PBCTF: NP - Not Password

October 12th 2021

Not password

Aka C++ rev, aka Pain, aka what?

Task

Not Password is a program where you, well... type not a password and totally does not check your password for correctness.

Solve

We get a 224Kb C++ binary and a ~1Gb "lockfile".

After I opened the binary in Ghidra and started reversing the main function, I quickly realized that it just reads two lines, once a "not-password" and once a nonce. It then checks for the correct flag format and converts the rest (36 characters) of the flag into 32-bit integers (Yielding 9 of them). We then have a for loop which just calls round with the all of those ints and an iterator and a base64 iterator of your nonce as well as a serial_graph read from the lockfile, a serialized graph consists of a u32 for the number of vertices, a u32 for the number of edges and then number of edges times pairs of u32s for the source and destination of each edge in the graph.

There are nine of those graphs inside the lockfile (What a surprise), each of which has around 5000 vertices and around 100 million edges (Basically every vertex to every other vertex)

Inside the round function it sets up a SAT problem with an AST which has our input encoded, the nonce gets base64-decoded (Actually this is a guess, I never used the nonce, and even with the final flag I was unable to pass the check with the nonce).

It's a very basic AST, there are only five types of nodes, variables, not, and, or, and xor. The AST is generated with very describtive function names It reserves a number with 32 bits, which is the variable it wants to solve for, then adds the 32 bits of our input encoded as nodes by encoding a set bit as an AND(x) node and an AND(NOT(x)) node if the bit was not set. Then it calls add_num with a parameter set to true - which makes the function actually subtract instead of add (The first carry is set to the flag and if the flag is true every bit of the second operand is inverted, so a subtraction). Next it calls any_bits which just checks if any bits have been set in the output. (I skipped some nodes in the AST, but they're not that important).

Then it seems to set the first variable to the nonce-bits (Again, didn't figure out what that means).

The AST then gets sent through the four stages (Like this challenge sent me through the five stages of grief for having done this challenge).

Our AST is put into a function (as a vector inside a struct) stage1_pre, which sets up other stuff in the struct for later use.

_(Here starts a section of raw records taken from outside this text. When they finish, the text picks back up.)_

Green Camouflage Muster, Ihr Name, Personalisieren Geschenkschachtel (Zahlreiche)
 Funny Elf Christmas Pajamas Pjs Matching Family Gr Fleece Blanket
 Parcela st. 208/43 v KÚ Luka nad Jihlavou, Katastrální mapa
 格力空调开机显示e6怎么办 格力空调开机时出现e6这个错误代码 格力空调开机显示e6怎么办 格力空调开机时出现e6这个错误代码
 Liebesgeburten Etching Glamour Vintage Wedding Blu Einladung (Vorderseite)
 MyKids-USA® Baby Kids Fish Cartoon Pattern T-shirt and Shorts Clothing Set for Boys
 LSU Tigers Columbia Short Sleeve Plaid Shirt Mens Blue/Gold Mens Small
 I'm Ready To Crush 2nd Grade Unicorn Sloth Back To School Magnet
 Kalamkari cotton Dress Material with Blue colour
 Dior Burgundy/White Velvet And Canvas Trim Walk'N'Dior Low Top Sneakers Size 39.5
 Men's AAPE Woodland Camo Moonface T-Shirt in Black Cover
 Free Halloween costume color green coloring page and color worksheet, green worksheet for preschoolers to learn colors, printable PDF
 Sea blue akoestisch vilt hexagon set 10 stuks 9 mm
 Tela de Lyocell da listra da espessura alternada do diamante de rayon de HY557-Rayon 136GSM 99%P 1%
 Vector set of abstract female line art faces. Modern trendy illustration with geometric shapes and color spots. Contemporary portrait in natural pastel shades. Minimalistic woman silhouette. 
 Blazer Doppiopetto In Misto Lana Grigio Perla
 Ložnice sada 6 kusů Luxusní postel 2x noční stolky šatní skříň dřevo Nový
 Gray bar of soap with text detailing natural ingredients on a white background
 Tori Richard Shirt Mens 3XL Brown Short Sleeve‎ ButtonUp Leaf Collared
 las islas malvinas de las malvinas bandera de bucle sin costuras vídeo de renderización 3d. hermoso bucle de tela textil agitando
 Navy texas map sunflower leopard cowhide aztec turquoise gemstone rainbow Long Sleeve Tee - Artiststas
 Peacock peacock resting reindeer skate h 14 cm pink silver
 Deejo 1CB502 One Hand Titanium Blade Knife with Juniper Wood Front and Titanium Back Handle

Then we go through the actual stage 1 - oh boy, was this fun. After a lot of time, I figured out that this just converts the AST into triples of variables, which are in 3CNF form to encode the different gates (not the variables). So a y=NOT(x) got turned into (y or y or x) and ((not y) or (not y) or (not x)) (So two triples of three variables, the struct for those variables being two shorts, one for storing the symbolic variable (index into an array) and the other if it's negated or not. So this turned every gate into some amount of 3CNF groups (NOT was 2 of them, AND and OR three, and XOR four).

The next stage, stage 2, then converted the SAT problem into a vertex problem by going through all pairs of variables in different 3CNF groups and creating an edge if the variable is not the same or they have the same sign (both negated or both not negated) between the indices of those specific literals.

Stage 3 flipped every edge by going through all possible generated edges and inserting the ones not in the previous graph into the output for stage three.

Stage 4 then takes that graph (Which has only a few edges because before it had lots of them) and first adds all edges from an index i to all indices greater than i (up to the amount of vertices there were in the old graph). Then it created a new node for every edge and connected the two connected vertices to the new vertex.

The output of that was then compared against the serialized graph from the lockfile and then verified in the verify function which just checks if the problem has been solved correctly (Basically if my nonce is correct, I guess this was either just a red herring or used in an earlier stage of development that we also have to solve the problems to get a flag on a remote or something like that). Anyway, we just need to reverse all the steps done in the stages to get the input AST, which should encode the expected inputs which of course are the 32-bit ints from the flag.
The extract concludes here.